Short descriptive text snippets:
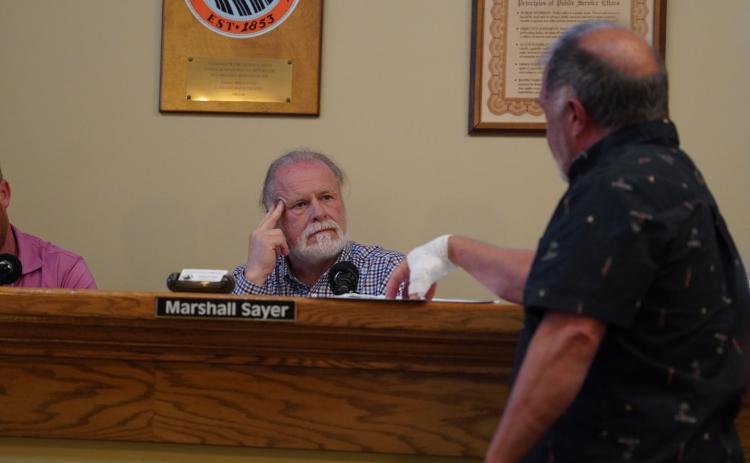 Hart County Board of Commissioners Chairman Marshall Sayer listens to the complaints of Lavonia resident Doug Carter regarding concerns at Paynes Creek Campground during Tuesday’s Regular Meeting.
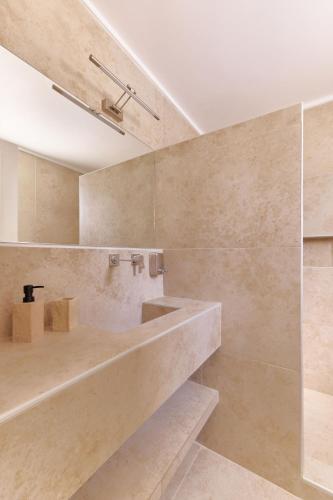 a bathroom with a tub and a sink at Villa Irini in Porto Heli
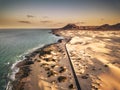 Aerial above view of yellow tropical sandy beach with black long way road and car traveling - ocean blue waves and shore - sunset Royalty Free Stock Photo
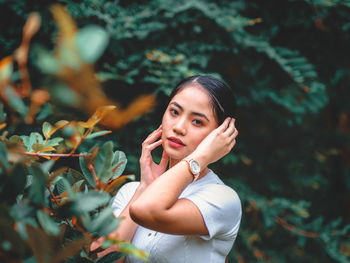 Portrait of smiling woman standing outdoors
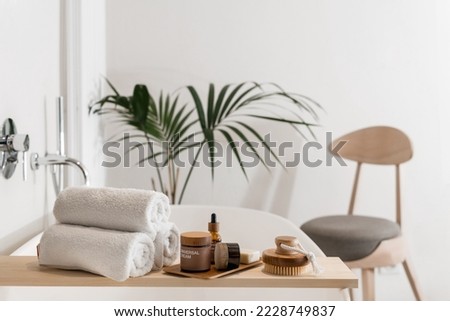 skin care cosmetics on bamboo tray, massage peeling brush and fresh terry towels folded on wooden caddy on bathtub, plant and chair in apartment with modern interior Royalty-Free Stock Photo #2228749837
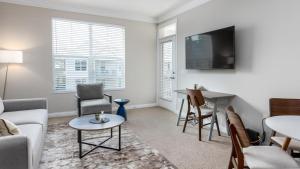 a living room with a couch and a table at Landing - Modern Apartment with Amazing Amenities (ID4410X01) in Lewis Center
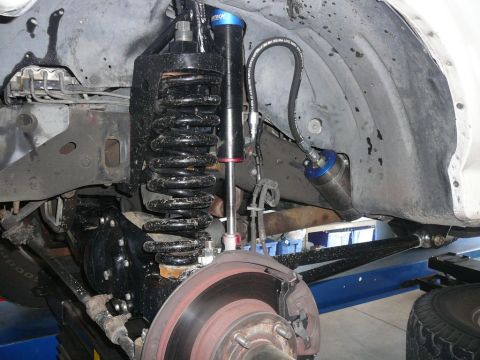 1988 Ford Bronco - This is a close-up view of the front suspension system of a vehicle, showing the shock absorber and coil spring assembly.
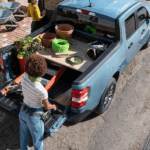 A woman is shown putting gardening supplies into the bed of a blue 2023 Ford Maverick.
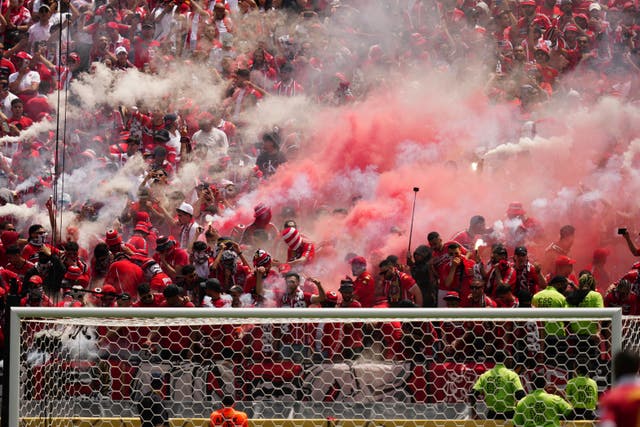 Wydad Casablanca’s supporters light torches during the Club World Cup match with Manchester City
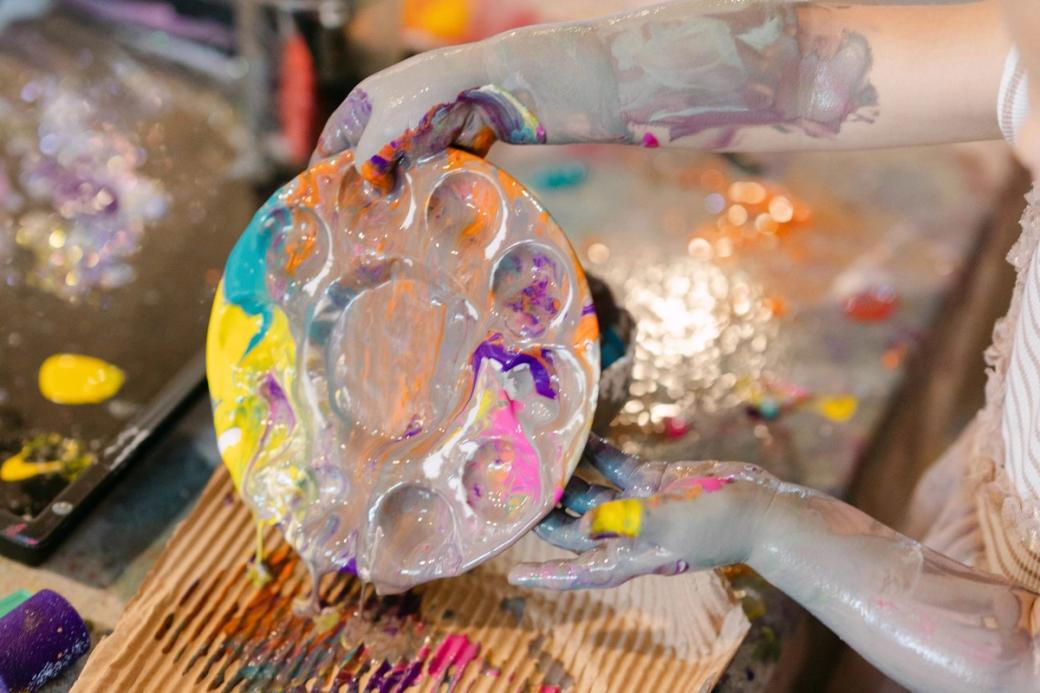 A child with paint-splattered arms holds a paint palate covered in colors.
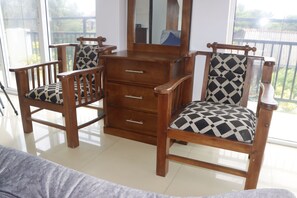 A room with a wooden dresser, two chairs with patterned cushions, and a large window. - The Kumatha Residence ,1st Floor one bedroom apartment ,350m to beach/pool view (Palangature  Negombo)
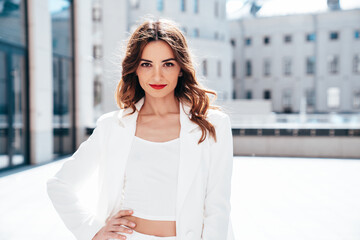 Young beautiful brunette woman wearing nice trendy white suit jacket. Sexy smiling model posing in...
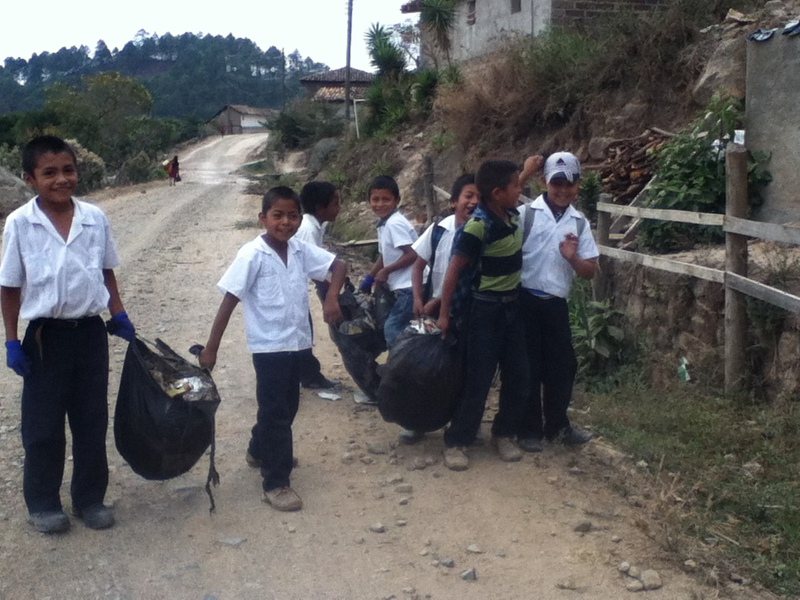 Children involved in cleaning their communities
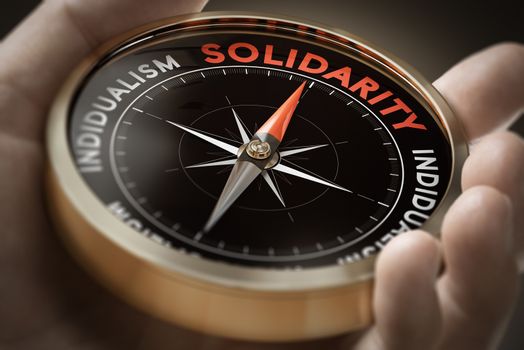 Man hand holding compass with needle pointing the word solidarity. Sociology concept. Composite image between a hand photography and a 3D background.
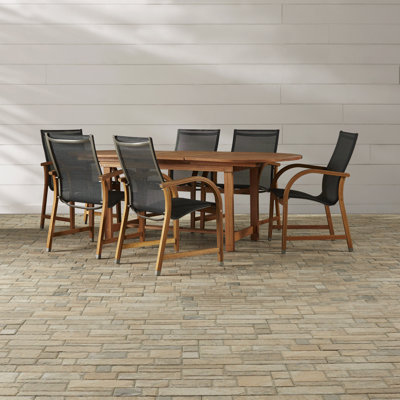 Anautica 6 - Person Eucalyptus Solid Wood Patio Dining Set Extendable and Umbrella Hole Included Oval Table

● **WORK ITEM**:
If pictures appear in the data, do not print them; repeat the rest exactly.

● **SOLUTION**:
 Hart County Board of Commissioners Chairman Marshall Sayer listens to the complaints of Lavonia resident Doug Carter regarding concerns at Paynes Creek Campground during Tuesday’s Regular Meeting.
 a bathroom with a tub and a sink at Villa Irini in Porto Heli
 Aerial above view of yellow tropical sandy beach with black long way road and car traveling - ocean blue waves and shore - sunset Royalty Free Stock Photo
 Portrait of smiling woman standing outdoors
 skin care cosmetics on bamboo tray, massage peeling brush and fresh terry towels folded on wooden caddy on bathtub, plant and chair in apartment with modern interior Royalty-Free Stock Photo #2228749837
 a living room with a couch and a table at Landing - Modern Apartment with Amazing Amenities (ID4410X01) in Lewis Center
 1988 Ford Bronco - This is a close-up view of the front suspension system of a vehicle, showing the shock absorber and coil spring assembly.
 A woman is shown putting gardening supplies into the bed of a blue 2023 Ford Maverick.
 Wydad Casablanca’s supporters light torches during the Club World Cup match with Manchester City
 A child with paint-splattered arms holds a paint palate covered in colors.
 A room with a wooden dresser, two chairs with patterned cushions, and a large window. - The Kumatha Residence ,1st Floor one bedroom apartment ,350m to beach/pool view (Palangature  Negombo)
 Young beautiful brunette woman wearing nice trendy white suit jacket. Sexy smiling model posing in...
 Children involved in cleaning their communities
 Man hand holding compass with needle pointing the word solidarity. Sociology concept. Composite image between a hand photography and a 3D background.
 Anautica 6 - Person Eucalyptus Solid Wood Patio Dining Set Extendable and Umbrella Hole Included Oval Table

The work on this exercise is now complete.